Das Büro von Liljana Luani an einer der Hauptachsen von Shkodra in Nordalbanien hat Symbolcharakter. Das Häuschen mit Glasfront, drei Tischen und einem Computer mitten in einer Ladenzeile macht sichtbar, was gemäss den Angaben der Polizei in Albanien kaum noch existiert: Familien, die aus Angst vor einer Blutrache jahrelang isoliert in ihren Häusern leben.
Denn im knapp zwölf Quadratmeter grossen Raum unterrichtet die 61-Jährige täglich 65 Kinder aus 40 Familien, die fast alle in einer Blutrache-Situation verharren. Die meisten unterrichtet sie zusammen mit fünf anderen Freiwilligen per Zoom, manche besucht sie bei ihnen daheim, und seit einiger Zeit kommen immer mehr für den Unterricht in das kleine Lokal.
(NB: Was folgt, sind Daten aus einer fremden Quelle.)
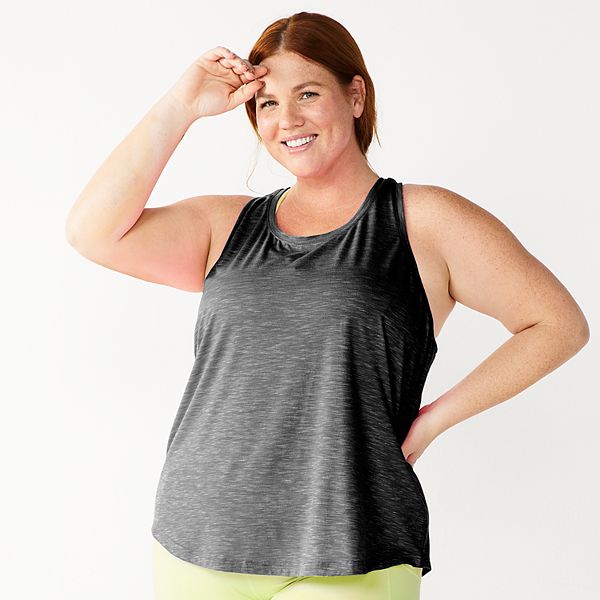 Plus Size Tek Gear&reg; Racerback Tank Top - Black (1X)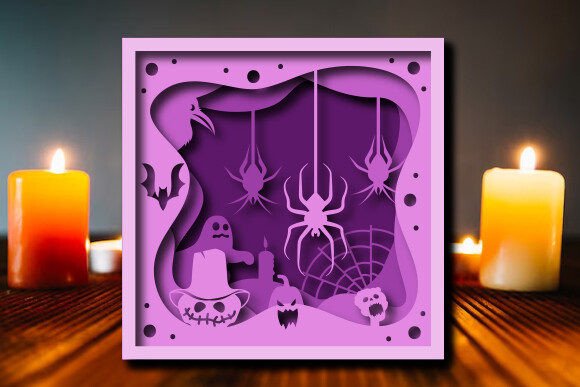 Spider Web Halloween Shadow Box Svg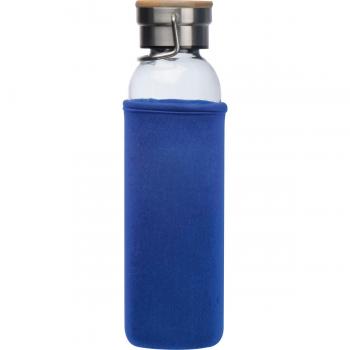 Flasche aus Glas mit Neoprenüberzug / 600ml / Neoprenfarbe: blau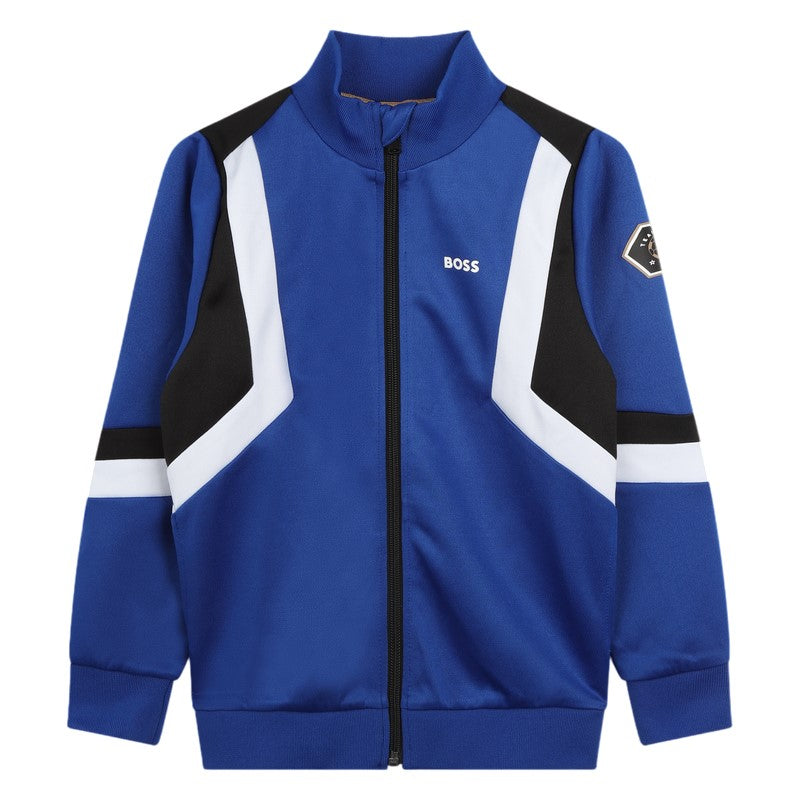 

Hugo Boss Мальчики Куртка на молнии с полосатым логотипом, синий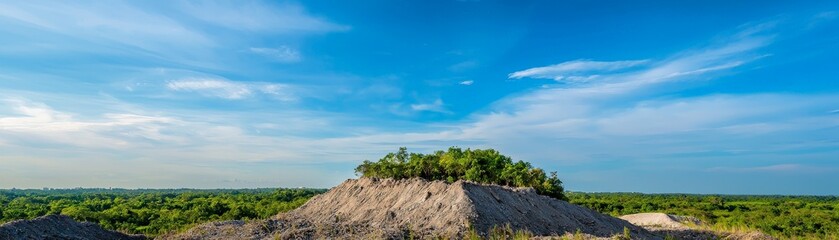 Restoring the Planet Through Environmental Innovation and Conservation Efforts, Large mound of earth covered with greenery under a vast blue sky with clouds.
Das preisgekrönte Friedensprojekt
Auf diese Tatsache ist Luani besonders stolz: Manchen verfehdeten Familien konnte sie das Versprechen abringen, dass den Kindern nichts geschieht, wenn sie zur Schule gehen. Ein Bildungsprojekt, das sie 2005 aus Betroffenheit allein lancierte, ist zum Friedensförderungsprojekt geworden, für das sie 2019 in Dubai den Global Teacher Prize erhielt.
Luani unterrichtete viele Jahre lang an der Vashko-Vaso-Schule in Shkodra, einer Schule mit vielen Kindern vom Land. 2005 fragten die Rotkreuz-Organisationen von Albanien und Spanien sie an, ob sie mithelfe, Kinder zu identifizieren, die nicht zur Schule gehen. Luani, die aus einem kleinen Bergdorf stammt, sagte zu. Sie erzählt: «Wir besuchten Familien, von denen die meisten zu arm waren, ihre Kinder zur Schule zu schicken.»
Der weinende Junge
Eines Tages traf die Lehrerin einen Jungen, den sie aus dem Schulhaus kannte, aber lange nicht gesehen hatte. «Ich fragte ihn, warum er nicht zur Schule gehe. Er antwortete mit Tränen in den Augen: ‹Wir leben in Blutrache.›» In diesem Moment habe sie ihm spontan versprochen, ihn daheim zu unterrichten. «Er berührte mein Herz.»